"Emin ol yaparım"dedim. Kolumdan tuttu ve beni yukarı çıkardı. Sonra bir odanın kapısını açtı. Burası tabiki banyoydu. Yaklaşık 5 dakika sonra çıktım ve çıkmamla kolumu tekrar kapması bir oldu. Ne yapıyor şimdi bu böyle??..
"Burası senin odan"dedi Çınar bir odanın içine beni fırlatırken.
"Çekiştirmene ve böyle fırlatmana gerek yoktu yani "dedim pis pis bakarak. Popomun üstüne düşmüştüm ve popom ağrıyordu
"Bence iyi anlaşmalıyız yoksa bu ikimiz içinde sıkıntılı olur?"
"Bencede"dedim ayağa kalktım ve kapıyı suratına kapattım. Telefonum da yoktu yanımda. Olanları düşündükçe daha çok strese girip sinirleniyordum. Kapının ardından güçlü bir yumruk sesi geldi ardından ayak sesleri duyuldu ve ses tamamen yok oldu. Yumruk sesi geldiğinde yerimden sıçramıştım. Sanırım Çınar duvara yumruk atmıştı. Bana zarar veremediği için acısını duvardan çıkarmıştı galiba. Amaan çokta umrumdaydı yani.
Üstümü değiştiremeden uyuyakalmıştım. Gerçekten çok yorgundum.
**
Uyandıktan sonra bile gözlerimi bu saçma düşüncelerle açmıştım. Herşey zaten üstüste gelmişti. Hadi herşeyi bir kenara attım da bunlar beni neden kaçırdılar?
Düşüncelerimden sıyrılıp yataktan kalktım. Önce akan makyajımı temizledim. Odamda iki ek oda vardı bende merak edip karıştırmaya başladım. Bir tanesi banyo bir taneside spor odasıydı. Fazla büyük değildi ama idare edebilirdim. Hemen banyoda küvetin içine girdim tabiki köpük doldurmuştum küveti.

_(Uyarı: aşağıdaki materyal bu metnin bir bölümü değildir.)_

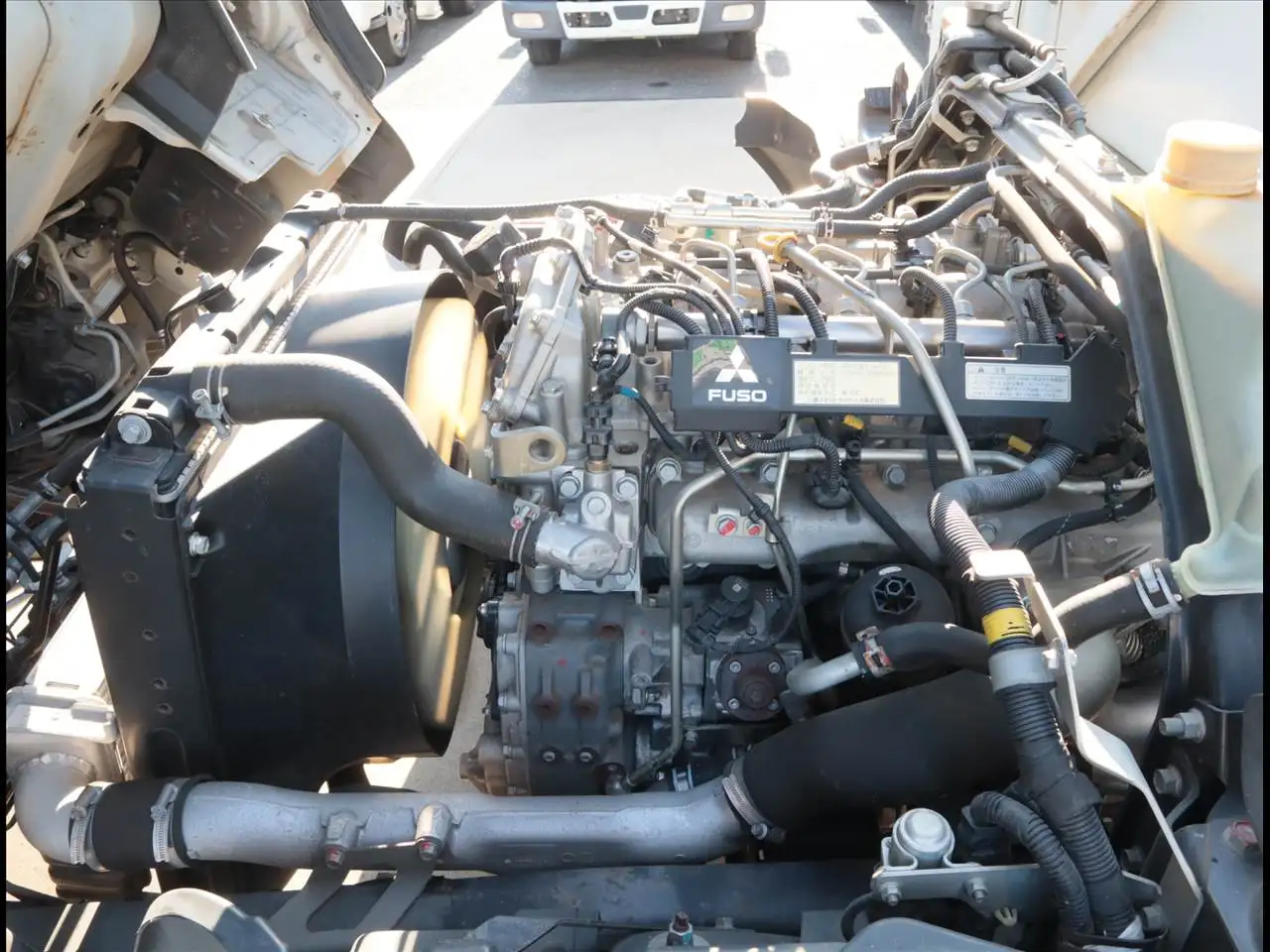 三菱 キャンター 小型 車両重機運搬 ラジコン ウインチの中古トラック画像19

Idare edebilecek bir ses sistemi kurulmuştu ve bir minibook vardı. Madem öyle bende fırsattan yararlanıp şarkı açardım. Öyle yaptım da zaten. Justin Timberlake Mirror. Çok sevdiğim bir şarkıydı. Beni rahatlatıp kafamı dağıtmama yardımcı oluyordu her zaman. Birde Justinin o rahatlatıcı sesi yokmu..
Banyodan çıktıktan sonra giyinip hemen aşağıya indim. Saçlarımı kurutmadım. Adetim değildir. Hiç saçlarımı kurutmam. Hem doktorlar su saçları besliyor. Saçlarınızı kurutmayın diyor. Daha çabuk uzuyormuş.
Aşağıya indiğimde kocaman bir masada binbir çeşit yemek olduğunu gördüm ve bu yemekler fazlasıyla lezzetli görünüyordu. Sofra siyah gri ağırlıklıydı daha doğrusu tek sofra değil evde öyleydi. Tamam benim odamda kapkaranlıktı ama herşeye rağmen içeri giren herkese huzur veriyordu. Bu evde ise sanki hiç bitmeyen bir hüzün vardı. Yada yaşadıklarımdan dolayı öyle düşünüyordum.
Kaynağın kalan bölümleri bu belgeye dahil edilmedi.